When I purchased my Tundra, I bought the lower grade SR5, anyways, I had owned Toyota before and knew a lot of features were pre-wired in. I added heated seats and bluetooth navigation using all OEM parts, for a lot cheaper than it would have cost me to go up to the limited model.

Does Nissan operate in this way? Lets say I find an Altima with the normal stereo, can I add the Nissan navigation unit and steering wheel controls after the fact? How about heated seats?

I'm just seeing what features I can ignore now, and which ones are important to include now that may not be able to be added later on.

Anything I should keep my eyes open for when looking around for an Altima? Also, I have only seen small pictures, but it looks like the gauges are always backlit? How visible are they in bright sunlight? Anyone have some quality pictures of them?

Thanks!


----------



## Lawless100 (Aug 9, 2007)

I am wondering the same thing. I purchased the basic 2.5S, it came with a lot more stuff than my 97 had so it was an upgrade for me either way. But, I want Fog lights, and the lit up vanity mirrors, as well as the rear view mirror with home link. Does anyone know how easy or tough it is to add these things? Are the wires for the fog lights behind the covers or not?


----------



## dibble9012 (May 26, 2008)

Does anyone know if the 07 SL's came with HID headlamps? Can theses easily be added on later with factory parts?


----------



## Praetorian_1975 (Jul 14, 2004)

HID conversions run about 200.


----------



## gt_23 (Jun 1, 2008)

I too just bought a 2008 4 dr altima 2.5SL. Is there car kits to add external GPS units or do I have to get it custom? Where do you get the HID conversion?


----------



## gt_23 (Jun 1, 2008)

one more other question. The dealership wanted 1000 for the stock fog lights (parts/labour). Is there a cheaper way to get hold of the "stock" fog lights?


----------



## drift28 (Feb 20, 2008)

Altima is a good car and very reliable. But Honda is still number one when it comes in reliability.


----------



## Praetorian_1975 (Jul 14, 2004)

You can check stillen's website for the body kit. I would reccommend Crutchfield's website for your aftermarket internal GPS.


----------



## gt_23 (Jun 1, 2008)

I had a honda, definetly overrated. I'd still say Toyota is No 1 (too bad there car designs are bland). I never had a Nissan so well see how it goes.

And if I get a GPS from say crutchfield. Has anyone had issues with wiring since there is a push button start? A friend of mind who drives a lexus (with a PB start) has that issue.


----------



## Praetorian_1975 (Jul 14, 2004)

No issues with the push button start here. However, I'm quick to blame that mechanism as I had recently purchased an 08 2.5S coupe and already have warranty issues. I just had my battery replaced since it would take me 15 to 20 starts before the car would turn over, making me very skeptical..that and the a/c compressor had to be replaced because of a rattling noise.


----------



## XTrail1 (Feb 24, 2005)

drift28 said:


> Altima is a good car and very reliable.

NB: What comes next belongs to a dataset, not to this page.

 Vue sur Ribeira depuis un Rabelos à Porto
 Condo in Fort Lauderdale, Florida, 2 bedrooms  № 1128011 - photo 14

But Honda is still number one when it comes in reliability.


I'll disagree, not a bad thing to support post once in a while instead of assuming just because everybody says so.

CanadianDriver: Used Vehicle Review - Honda Accord, 2003-2007


----------



## Quick69GTO (Jun 8, 2008)

Do an E-Bay search for the '08 Altima.
Factory and aftermarket fog lights are available along with factory spoilers, HID conversions, and other things.
Of course the labor is up to you.


----------



## flbioeng (Nov 3, 2008)

Added upgrades didn't work for me, I had a horrible time having the dealer install fog lights. I would recommend having it all in the car before you buy it.


----------



## Lobster Thief (Dec 8, 2008)

Installing fog lights isn't hard at all if you're careful and know anything about basic electronics.. but be forewarned, if you don't know what you're doing, you could severely damage your car's electrical system (voiding your warranty by the way). I'd find the lights on eBay or Craigslist and have a local auto shop put them in.. some will install aftermarket parts, some won't. It's substantially cheaper than a stealership, anyway..


----------